専用のプリンター(RFIDプリンター)を用意すれば、ICタグに直接コードを書き込むことができます。エンコードが必要なICタグが多い場合は、プリンターを用いた方法がより適しています。また、RFIDプリンターは書き込んだコードをラベルとしてプリントし、商品や陳列棚に貼り付けることも可能です。

 

導入上の注意

読み取り精度

ICタグの導入で失敗しないためのポイントは、事前に本番環境に近い環境で実証実験(PoC)を行うことです。

ICタグの失敗事例としてよく挙げられるのが、「想定よりも通信状態が悪く、データの読み取り精度が低かった」「上手く読み取りができず、別の種類のICタグを急遽導入した」等、導入後にデータの読み取りができないことが発覚するケースです。

ICタグの種類によっては、水分や金属に弱く、電波が遮られてデータの読み書きができないものもあります。また、利用する周波数帯によっては電波干渉を受け、通信状態が想定よりも悪化する可能性も少なくありません。ICタグの読み取り精度は100%保証されているわけではなく、設置場所の周辺環境に大きく影響を受けます。

そのため、ICタグの導入前に必ずPoCを実施し、「ICタグが想定通りに動作しているか」「動作しない場合は、どのような種類のICタグが運用環境に合っているか」を検証することが必要です。

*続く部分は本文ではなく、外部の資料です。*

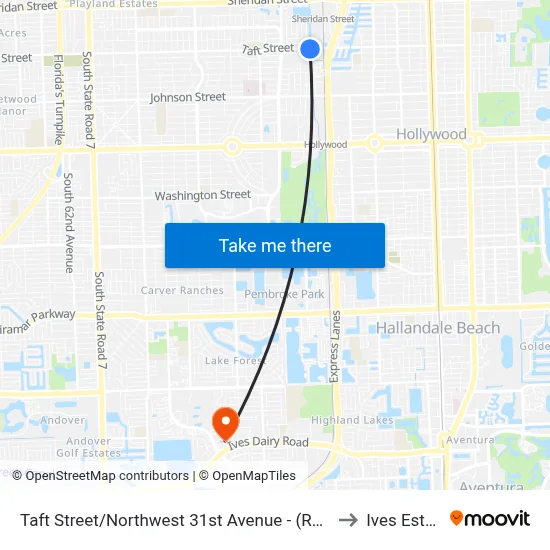 Taft Street/Northwest 31st Avenue - (Rotary Park) to Ives Estates map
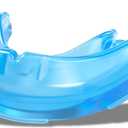 Shock Doctor Mouth Guard for Braces, Upper Teeth Protection, Instant Fit, Youth Sizes, Blue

上記の内容を踏まえて、RFIDの導入ステップは次のような流れになります。

  1. 現状の課題を分析し、導入によって何をしたいのか洗い出し
  2. 導入効果が期待できそうなハードウェア(ICタグ、リーダー、アンテナ、プリンター等)の選定
  3. 実際の作業環境で読み取りテスト(PoC)を実施し、想定通りの導入効果が得られたかどうか検証
  4. 上手くいかなかった場合は、課題を解消するための対応策を検討
  5. 本運用に向けて、RFIDの要件定義
  6. RFIDの設計・開発を行い、本番環境でのテストを実施
  7. テスト結果に問題がなければ、RFIDを現場に設置
  8. RFIDの運用・保守

RFIDは素材、バッテリーの有無、周波数帯等の違いにより、様々な種類の製品があります。それぞれ強みや弱みがあるため、自社の環境に合った製品を選ぶことが大切です。

 

活用事例について

物流倉庫の検品や入出庫管理に

ICタグが最も利用されている分野の1つが物流やロジスティクスです。ICタグには、同時に複数のタグを読み取る機能があるため、大量の荷物をまとめて検品することができます。

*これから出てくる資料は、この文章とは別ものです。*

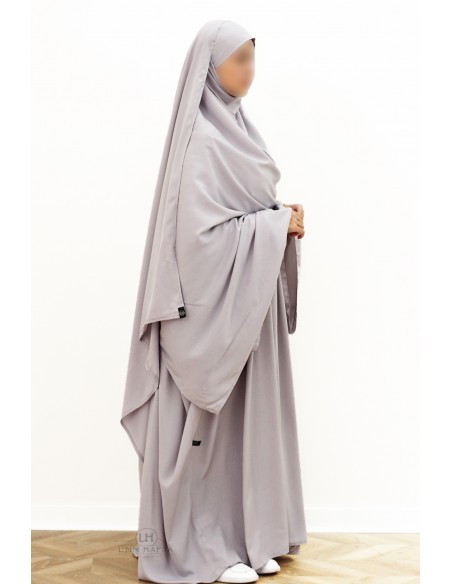 PAE XXL Hijab by Umm Hafsa – Blue Grey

また、入荷から出荷までの各工程でICタグに情報を書き込めば、商品の履歴をいつでも追跡することができ、トレーサビリティの確保も可能です。

小売店舗のレジ会計に

経済産業省が「コンビニ電子タグ1000億枚宣言」や「ドラッグストアスマート化宣言」を発表したように、ICタグは小売店舗でも急速に普及しつつあります。ICタグの一括読取機能を利用すれば、レジ会計をよりスピードアップすることが可能です。

また、レジ会計の待ち時間を短縮することで、お客様から寄せられる苦情やクレームの減少が期待できます。

従業員の入退室管理に

ICタグは従業員の入退室管理にも活用できます。タイムカードの代わりにICタグを活用すれば、読取機にかざすだけで打刻が可能なため、従業員側の負担が減少します。また、読み取ったデータはそのままコンピュータに送ることができるため、出勤時刻や退勤時間等を手作業で転記し、労働時間の集計を行う手間が発生しません。

従業員の入退室管理には、主にシール素材のラベルタグが利用されています。

 

まとめ

半導体技術の発展により、小型で消費電力が小さい「ICタグ」が普及しつつあります。ICタグは複数のタグの一括読み取りや、特定のタグのフィルタリング等、幅広い読み取り方が可能なタグです。

物流業界や小売業界のほか、一般企業の入退室管理等にも利用されています。ICタグには、素材、バッテリーの有無、利用する周波数帯によって様々な種類があるため、利用用途に合ったタグを選ぶことが大切です。ICタグを導入するメリットについて知り、業務効率化や人件費の削減を実現しましょう。